Pratik K. Shah
Pratik K. Shah

Reputation: 457

C# Regular Expression - break text into specific pieces

Friends I am applying R.E @"^(.*)([0-9/+-^]+)=([0-9]+)$"on string "3u->4+5=8". While fetching Group[1] it returns "3u->4+" and Group[2] it returns "5".

According to me,

Group[0]="3u->4+5=8"   
Group[1]="3u->"   
Group[2]="4+5"   
Group[3]="8"

Should be there.

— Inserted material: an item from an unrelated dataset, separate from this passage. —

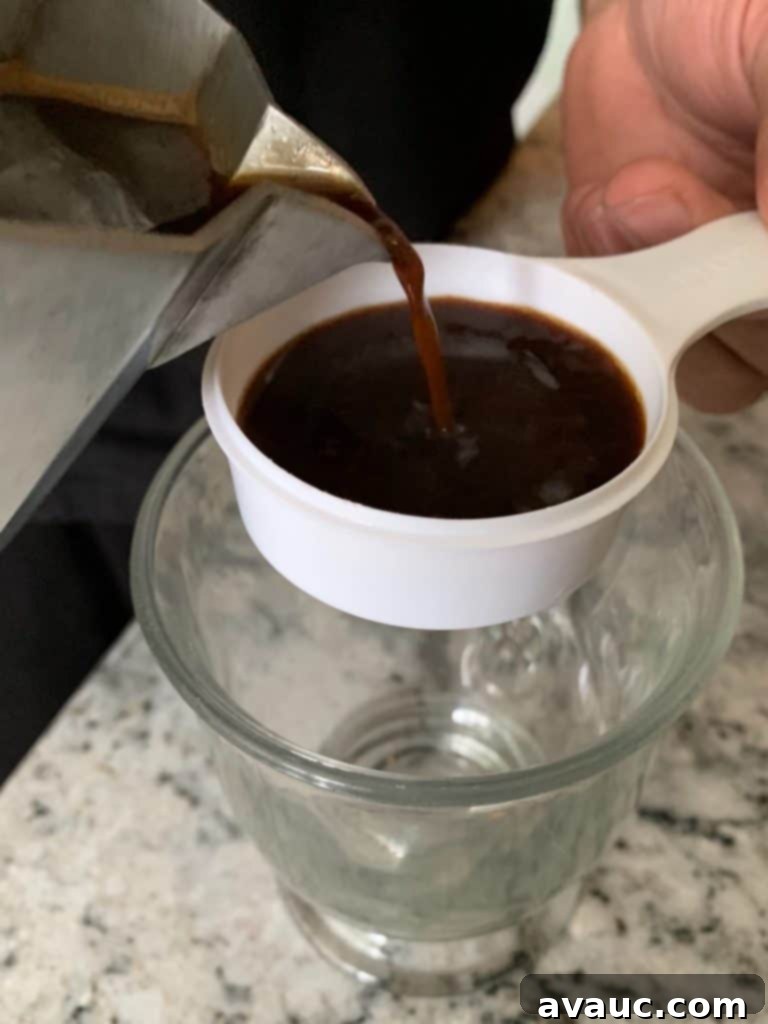 Cocoa Espresso Bliss 7 Pouring brewed coffee into a measuring cup, preparing the mocha base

Kindly help

Upvotes: 1

Views: 111

Answers (1)

Robin
Robin

Reputation: 9644

Your issue is caused by the use of a greedy quantifier .* than will try to "eat up" everything it can.

Use a lazy quantifier instead:

^(.*?)([0-9/+^-]+)=([0-9]+)

This will cause .*? to match as little a possible while finding an overall match: the quantifier will stop at the 4 in your example.

Also don't forget - is a special character inside of a character class, to escape it you need to put it at the beginning or the end ([...-]) or [+-^] will become a range.


What's happening

Our regex (.*)([0-9/+-^]+), like any other regex, wants to return a match. In order to do that, it needs to find: "anything with any length, followed by at least a character in the [0-9/+-^] range".

Following only this rule, when applied on 3u->4+5 the regex could at first view match:

  • 3u->4+ in the first group, 5 in the second (only one digit is required for the second group to match)
  • 3u->4 in the first group, +5 in the second
  • 3u-> in the first group, 4+5 in the second

So, which one should we match?

In order to know which one to pick, the (heuristic and simplified) rule is:

  • if the * quantifier is greedy it will always try to match the most it can
  • if it is lazy (so if you're using *?) it will match the least it can (while the regex is still returning a global match).